• [Aim of the exercise]: The copy should hold only the line containing "Immigrants from Portugal" and the lines after it through the end of the material, each exact, with no pictures.

════

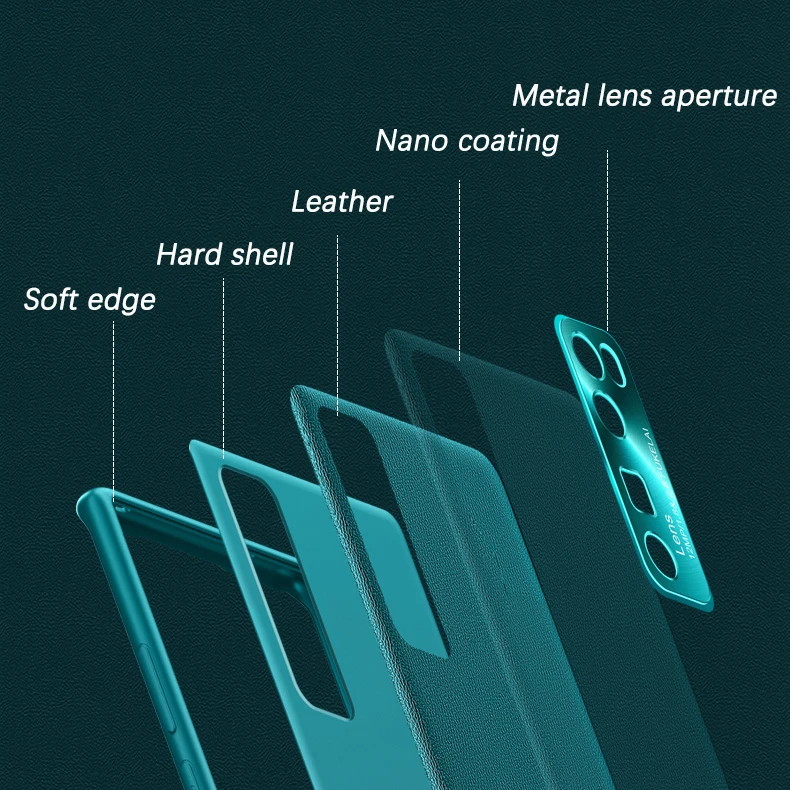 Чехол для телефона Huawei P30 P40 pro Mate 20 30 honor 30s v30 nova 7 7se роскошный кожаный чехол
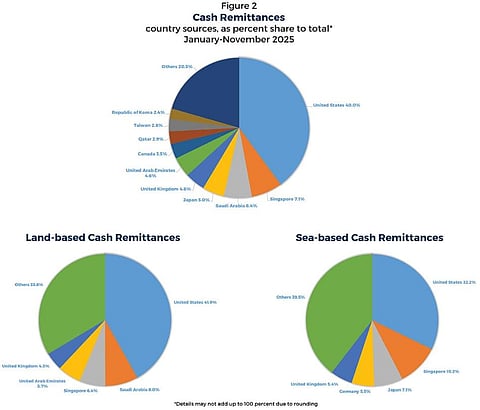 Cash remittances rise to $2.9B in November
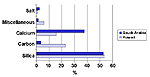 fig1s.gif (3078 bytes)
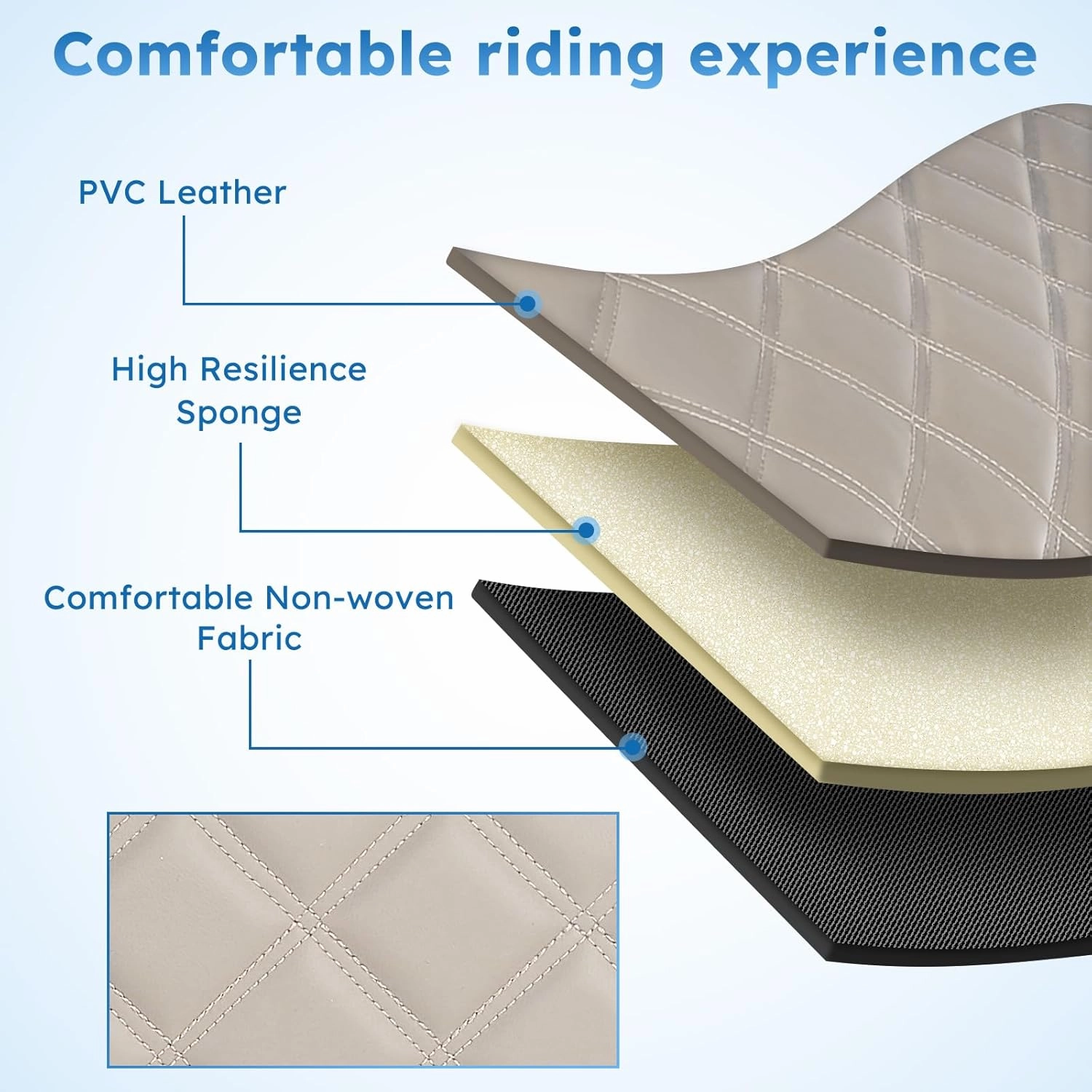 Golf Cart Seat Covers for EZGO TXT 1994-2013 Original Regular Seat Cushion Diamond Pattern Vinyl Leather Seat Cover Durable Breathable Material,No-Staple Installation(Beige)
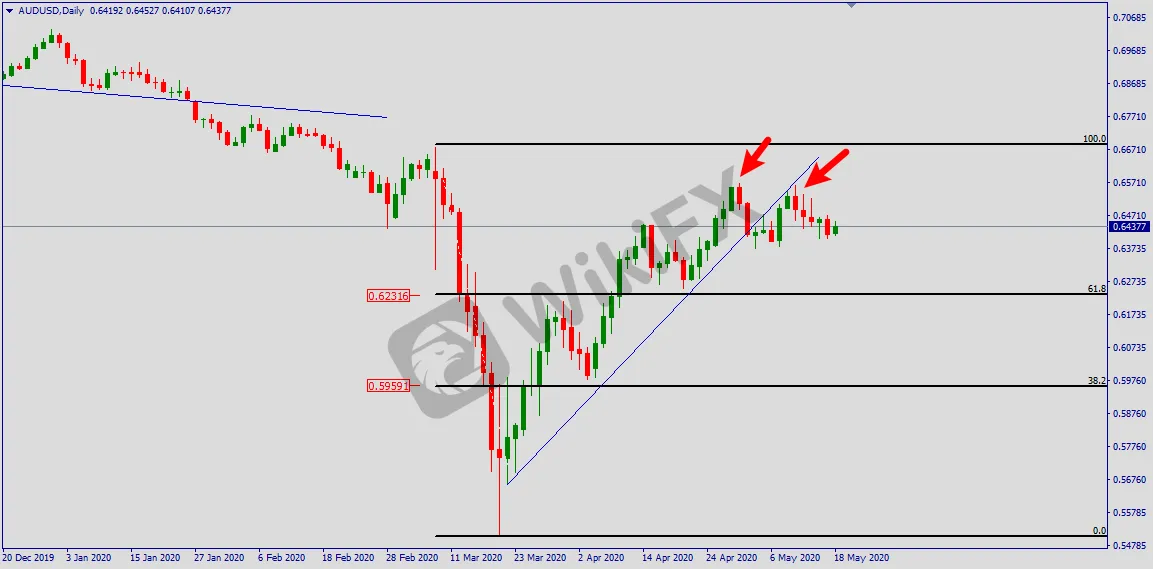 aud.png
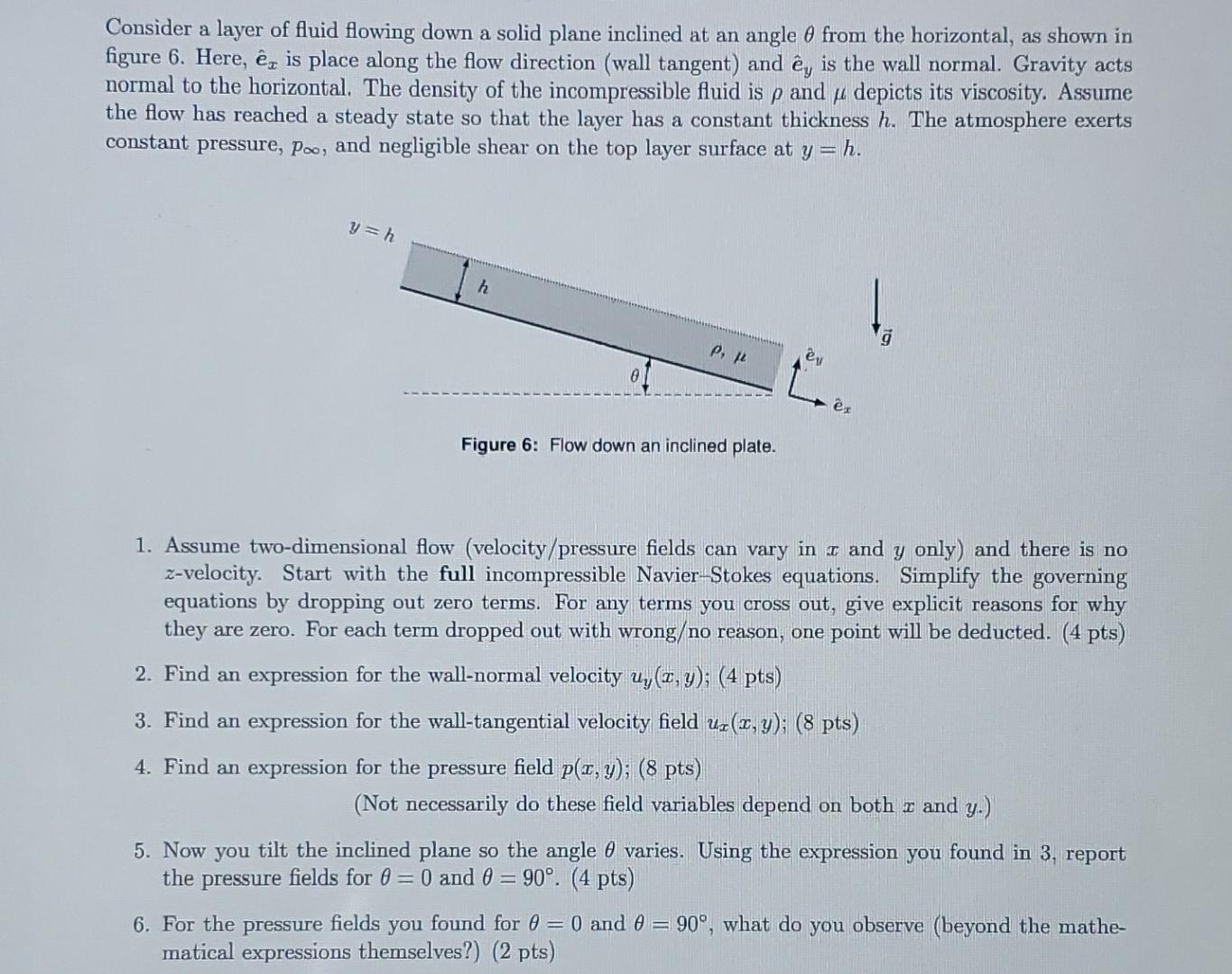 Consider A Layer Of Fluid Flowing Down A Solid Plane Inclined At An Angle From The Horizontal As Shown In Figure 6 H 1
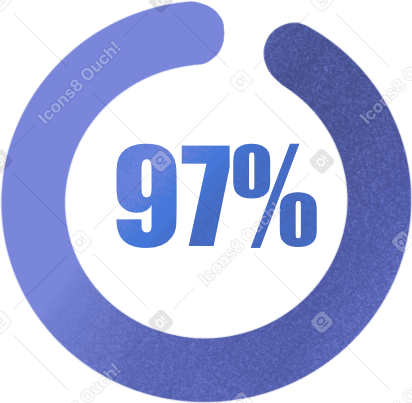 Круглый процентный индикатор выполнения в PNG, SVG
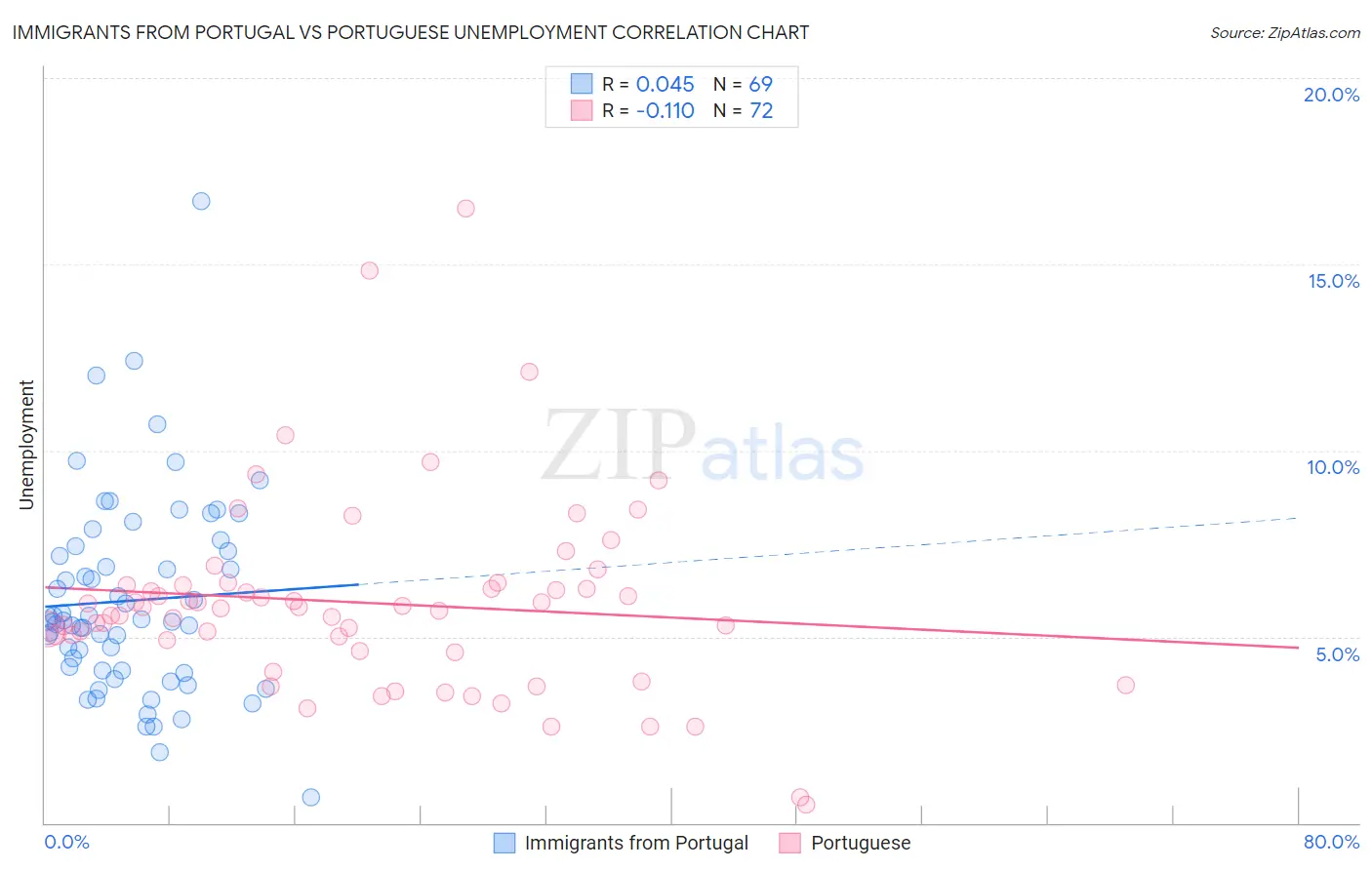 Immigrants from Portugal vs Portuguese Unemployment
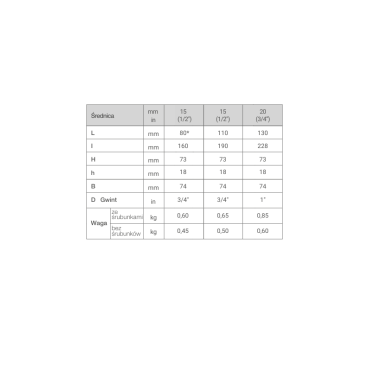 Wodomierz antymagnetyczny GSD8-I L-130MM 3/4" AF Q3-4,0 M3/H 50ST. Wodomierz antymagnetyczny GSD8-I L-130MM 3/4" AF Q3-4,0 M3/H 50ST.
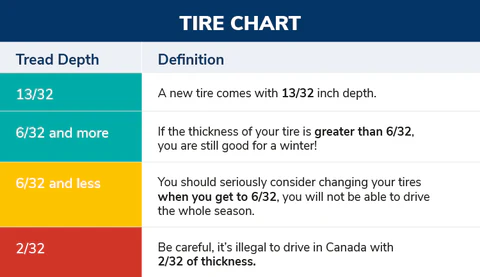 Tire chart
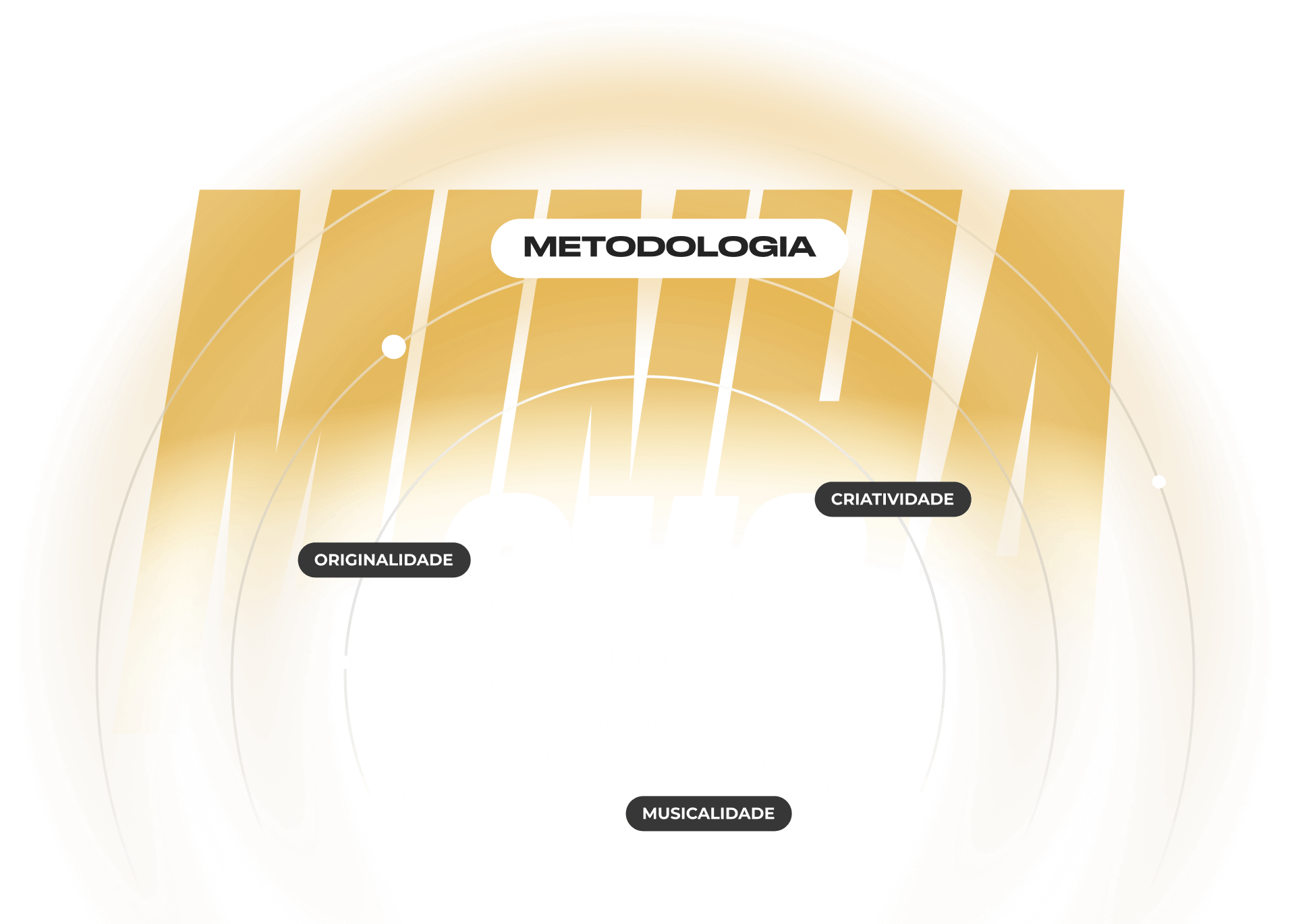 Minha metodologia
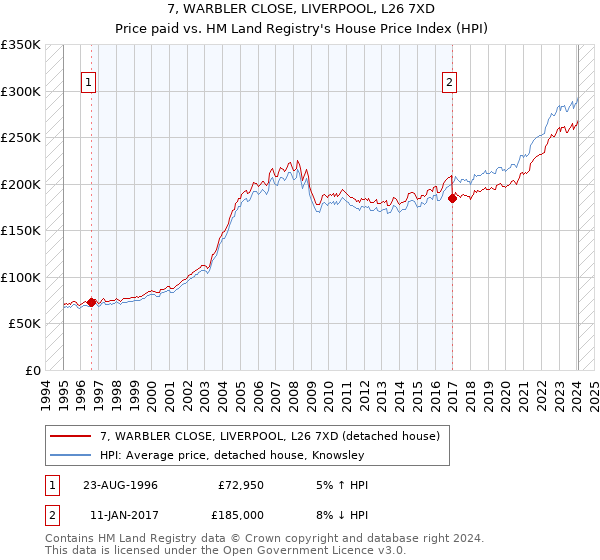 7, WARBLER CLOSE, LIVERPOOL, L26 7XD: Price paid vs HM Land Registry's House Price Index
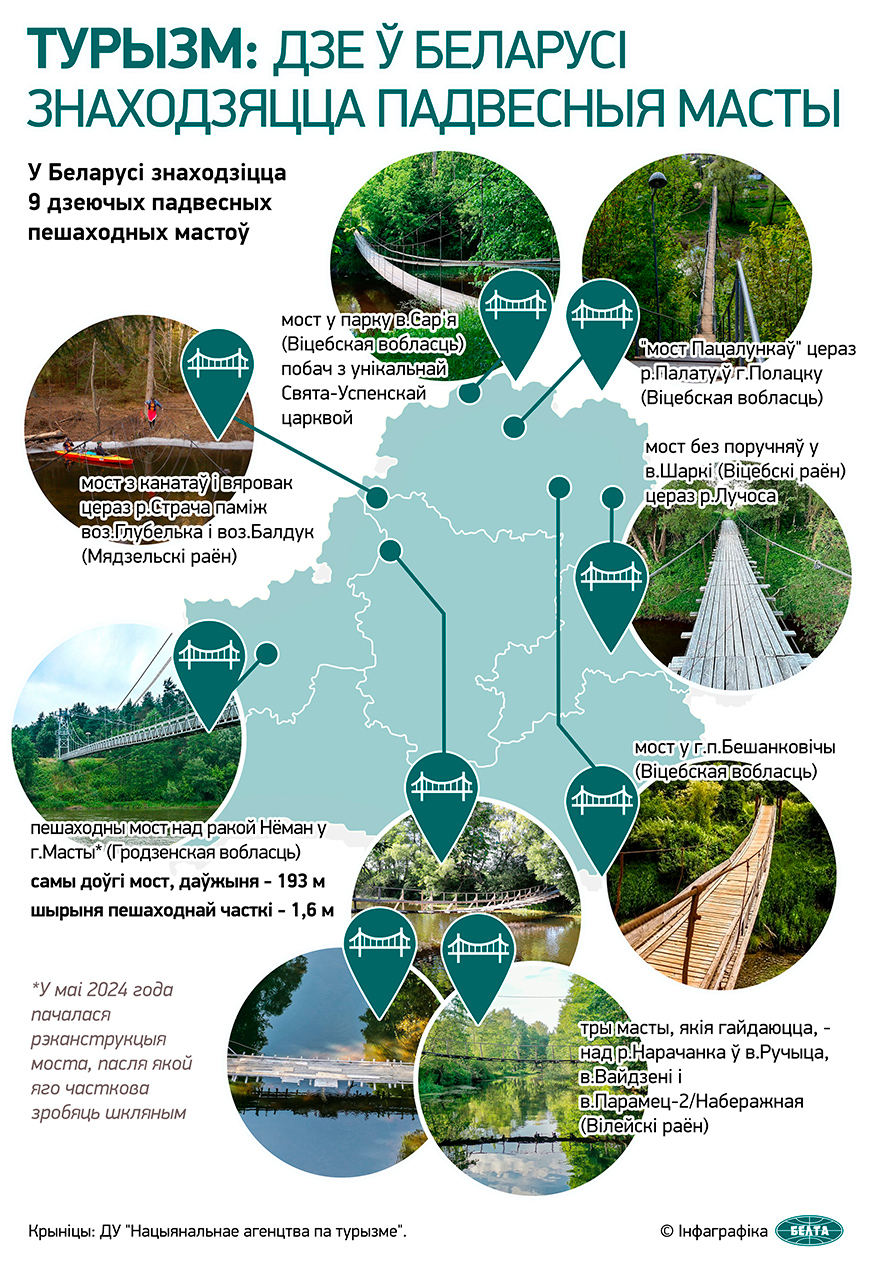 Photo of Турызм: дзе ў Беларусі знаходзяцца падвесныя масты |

════

• [Response to this task]:
 Immigrants from Portugal vs Portuguese Unemployment
 Wodomierz antymagnetyczny GSD8-I L-130MM 3/4" AF Q3-4,0 M3/H 50ST. Wodomierz antymagnetyczny GSD8-I L-130MM 3/4" AF Q3-4,0 M3/H 50ST.
 Tire chart
 Minha metodologia
 7, WARBLER CLOSE, LIVERPOOL, L26 7XD: Price paid vs HM Land Registry's House Price Index
 Photo of Турызм: дзе ў Беларусі знаходзяцца падвесныя масты |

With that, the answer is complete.